Kumho Touring A/S 795

I like the size, ratings, specs, warranty, and price, but there are two things about them that concern me:

They're listed as Standard Touring while the *truck *tires seem to be listed as Highway Touring
They're white-wall

But, while they're not listed as truck tires per-se, I was looking at the specs and they're rated for 2194 lbs. @ 41 psi. That's more than the stock Generals.

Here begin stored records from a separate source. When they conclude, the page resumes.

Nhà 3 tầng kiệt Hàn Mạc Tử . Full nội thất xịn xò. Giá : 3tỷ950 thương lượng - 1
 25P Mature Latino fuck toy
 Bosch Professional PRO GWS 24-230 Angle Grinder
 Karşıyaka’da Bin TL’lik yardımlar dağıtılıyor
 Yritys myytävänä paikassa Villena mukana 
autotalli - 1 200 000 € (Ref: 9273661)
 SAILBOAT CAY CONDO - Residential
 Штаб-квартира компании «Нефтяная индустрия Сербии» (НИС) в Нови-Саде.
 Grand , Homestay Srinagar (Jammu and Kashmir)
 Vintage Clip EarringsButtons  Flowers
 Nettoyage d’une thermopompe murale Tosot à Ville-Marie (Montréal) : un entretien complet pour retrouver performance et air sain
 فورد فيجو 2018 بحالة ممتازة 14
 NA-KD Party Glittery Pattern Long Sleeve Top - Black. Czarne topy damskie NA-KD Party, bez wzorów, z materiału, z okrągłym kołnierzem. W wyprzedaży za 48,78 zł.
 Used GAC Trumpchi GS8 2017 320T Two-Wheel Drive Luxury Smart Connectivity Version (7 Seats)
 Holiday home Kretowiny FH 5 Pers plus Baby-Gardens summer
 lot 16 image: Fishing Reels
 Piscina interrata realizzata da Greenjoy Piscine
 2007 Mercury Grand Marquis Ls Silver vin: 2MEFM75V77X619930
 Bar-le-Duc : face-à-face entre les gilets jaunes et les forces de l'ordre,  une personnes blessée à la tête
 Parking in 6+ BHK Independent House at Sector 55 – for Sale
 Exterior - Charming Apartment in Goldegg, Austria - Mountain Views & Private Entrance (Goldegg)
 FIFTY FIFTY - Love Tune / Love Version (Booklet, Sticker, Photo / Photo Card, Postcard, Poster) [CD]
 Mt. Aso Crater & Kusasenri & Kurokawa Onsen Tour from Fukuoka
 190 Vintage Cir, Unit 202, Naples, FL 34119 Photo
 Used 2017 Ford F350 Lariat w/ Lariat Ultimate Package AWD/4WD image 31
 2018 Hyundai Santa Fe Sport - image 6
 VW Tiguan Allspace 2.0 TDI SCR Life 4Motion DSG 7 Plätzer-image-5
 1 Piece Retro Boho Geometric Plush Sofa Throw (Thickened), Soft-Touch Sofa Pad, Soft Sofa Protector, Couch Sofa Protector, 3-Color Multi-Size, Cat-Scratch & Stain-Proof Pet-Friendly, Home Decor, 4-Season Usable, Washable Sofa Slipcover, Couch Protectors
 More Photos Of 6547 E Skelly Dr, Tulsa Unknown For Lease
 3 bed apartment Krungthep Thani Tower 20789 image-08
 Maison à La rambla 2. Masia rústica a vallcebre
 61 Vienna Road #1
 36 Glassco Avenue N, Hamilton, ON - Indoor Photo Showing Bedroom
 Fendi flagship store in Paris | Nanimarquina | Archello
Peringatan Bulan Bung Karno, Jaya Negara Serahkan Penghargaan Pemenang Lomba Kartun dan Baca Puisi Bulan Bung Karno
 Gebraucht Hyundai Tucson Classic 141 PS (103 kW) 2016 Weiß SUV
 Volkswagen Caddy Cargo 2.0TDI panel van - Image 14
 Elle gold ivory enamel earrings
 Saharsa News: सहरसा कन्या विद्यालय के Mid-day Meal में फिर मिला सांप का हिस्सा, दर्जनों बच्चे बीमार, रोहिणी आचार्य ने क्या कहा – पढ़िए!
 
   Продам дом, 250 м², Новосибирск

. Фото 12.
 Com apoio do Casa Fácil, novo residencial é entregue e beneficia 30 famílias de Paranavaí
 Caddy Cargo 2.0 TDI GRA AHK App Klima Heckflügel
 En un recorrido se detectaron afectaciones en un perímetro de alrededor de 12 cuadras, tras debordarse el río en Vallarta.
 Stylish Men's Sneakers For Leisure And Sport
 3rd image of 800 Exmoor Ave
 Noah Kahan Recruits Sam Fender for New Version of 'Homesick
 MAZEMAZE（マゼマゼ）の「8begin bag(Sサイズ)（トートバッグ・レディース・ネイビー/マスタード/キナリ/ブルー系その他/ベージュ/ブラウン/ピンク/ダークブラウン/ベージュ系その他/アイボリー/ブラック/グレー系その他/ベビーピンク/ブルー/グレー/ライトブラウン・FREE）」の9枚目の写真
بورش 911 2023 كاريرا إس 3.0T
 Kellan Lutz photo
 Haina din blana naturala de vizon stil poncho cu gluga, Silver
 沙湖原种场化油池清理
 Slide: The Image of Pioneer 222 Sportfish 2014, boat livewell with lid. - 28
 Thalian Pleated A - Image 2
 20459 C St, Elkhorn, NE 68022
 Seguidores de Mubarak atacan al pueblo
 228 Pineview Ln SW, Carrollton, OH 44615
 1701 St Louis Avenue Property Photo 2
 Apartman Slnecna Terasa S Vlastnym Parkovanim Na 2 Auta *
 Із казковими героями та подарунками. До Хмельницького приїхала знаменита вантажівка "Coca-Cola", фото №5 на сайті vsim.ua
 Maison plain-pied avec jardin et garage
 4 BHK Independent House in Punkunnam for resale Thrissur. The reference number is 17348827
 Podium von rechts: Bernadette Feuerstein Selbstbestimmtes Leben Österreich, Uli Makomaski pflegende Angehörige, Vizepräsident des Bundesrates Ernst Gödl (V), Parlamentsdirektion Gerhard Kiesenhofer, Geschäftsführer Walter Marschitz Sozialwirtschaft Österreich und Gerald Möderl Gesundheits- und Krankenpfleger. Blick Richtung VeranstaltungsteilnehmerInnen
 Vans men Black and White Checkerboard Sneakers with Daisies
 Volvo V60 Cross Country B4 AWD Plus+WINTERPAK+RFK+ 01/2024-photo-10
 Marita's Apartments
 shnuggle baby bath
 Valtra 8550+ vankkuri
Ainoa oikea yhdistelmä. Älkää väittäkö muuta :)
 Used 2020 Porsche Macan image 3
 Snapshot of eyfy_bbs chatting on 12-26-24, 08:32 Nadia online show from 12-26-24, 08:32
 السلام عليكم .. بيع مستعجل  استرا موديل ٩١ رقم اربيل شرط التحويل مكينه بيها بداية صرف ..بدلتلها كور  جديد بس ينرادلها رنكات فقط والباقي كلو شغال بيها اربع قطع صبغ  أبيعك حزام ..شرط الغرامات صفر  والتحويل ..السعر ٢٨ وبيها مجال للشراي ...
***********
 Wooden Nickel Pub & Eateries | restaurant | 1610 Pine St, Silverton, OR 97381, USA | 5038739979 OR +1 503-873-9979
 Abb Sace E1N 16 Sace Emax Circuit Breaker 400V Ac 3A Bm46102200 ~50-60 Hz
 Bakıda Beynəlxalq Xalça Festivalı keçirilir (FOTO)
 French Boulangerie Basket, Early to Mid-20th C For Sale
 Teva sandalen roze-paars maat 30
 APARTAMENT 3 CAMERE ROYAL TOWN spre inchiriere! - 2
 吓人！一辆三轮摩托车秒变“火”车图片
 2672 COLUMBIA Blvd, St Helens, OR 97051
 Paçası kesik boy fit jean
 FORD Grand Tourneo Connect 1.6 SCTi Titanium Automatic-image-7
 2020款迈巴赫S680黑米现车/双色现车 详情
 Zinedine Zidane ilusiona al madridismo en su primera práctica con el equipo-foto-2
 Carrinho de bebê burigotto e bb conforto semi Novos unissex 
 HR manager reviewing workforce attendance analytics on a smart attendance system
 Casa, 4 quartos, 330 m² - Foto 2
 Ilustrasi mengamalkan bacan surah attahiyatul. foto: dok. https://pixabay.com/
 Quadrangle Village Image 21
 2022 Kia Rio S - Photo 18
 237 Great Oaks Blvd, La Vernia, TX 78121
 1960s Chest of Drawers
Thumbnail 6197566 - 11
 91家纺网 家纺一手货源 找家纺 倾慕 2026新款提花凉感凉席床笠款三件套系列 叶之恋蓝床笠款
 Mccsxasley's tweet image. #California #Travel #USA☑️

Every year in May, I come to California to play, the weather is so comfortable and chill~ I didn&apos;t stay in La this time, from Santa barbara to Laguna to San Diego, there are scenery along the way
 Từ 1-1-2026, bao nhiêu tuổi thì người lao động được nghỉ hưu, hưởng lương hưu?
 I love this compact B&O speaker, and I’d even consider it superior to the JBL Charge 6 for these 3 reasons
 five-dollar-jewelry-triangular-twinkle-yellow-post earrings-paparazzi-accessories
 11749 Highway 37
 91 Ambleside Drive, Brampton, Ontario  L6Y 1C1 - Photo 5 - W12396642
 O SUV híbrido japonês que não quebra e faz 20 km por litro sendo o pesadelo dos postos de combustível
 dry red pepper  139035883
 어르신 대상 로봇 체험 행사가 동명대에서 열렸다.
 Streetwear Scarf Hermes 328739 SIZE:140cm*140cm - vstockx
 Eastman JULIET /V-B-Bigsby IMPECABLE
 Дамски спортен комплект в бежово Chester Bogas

And, I was thinking I could put the white-walls in and use Tire-Black (if that is still sold) or something similar on them.

What do ya'll think?


----------



## Gerald (May 23, 2005)

I am not an expert on tires so my opinion is just that, my opinion for whatever it is worth. I haul a lot of things in my truck and some of them pretty heavy.

In looking at the tread pattern on this tire it would not seem as well suited for my purposes as what is oem on our
trucks.

OkieScot


----------



## inyourface1650 (Oct 6, 2005)

The Touring A/S 795 is Kumho's Standard Touring All-Season tire developed to meet the needs of the drivers of *coupes, sedans and minivans* by blending long mileage and comfort with dry, wet and year-round traction, even in light snow. The Touring A/S 795 tires are intended to be one of Kumho's best values.

I dunno man, while the tires may be capable of handling that weight, they may not be designed to handle a big load for an extended period of time, like truck tires. That tread also loooks even less agressive then what my grabbers have stock...


----------



## jerryp58 (Jan 6, 2005)

inyourface1650 said:


> The Touring A/S 795 is Kumho's Standard Touring All-Season tire developed to meet the needs of the drivers of *coupes, sedans and minivans* by blending long mileage and comfort with dry, wet and year-round traction, even in light snow. The Touring A/S 795 tires are intended to be one of Kumho's best values.
> 
> I dunno man, while the tires may be capable of handling that weight, they may not be designed to handle a big load for an extended period of time, like truck tires. That tread also loooks even less agressive then what my grabbers have stock...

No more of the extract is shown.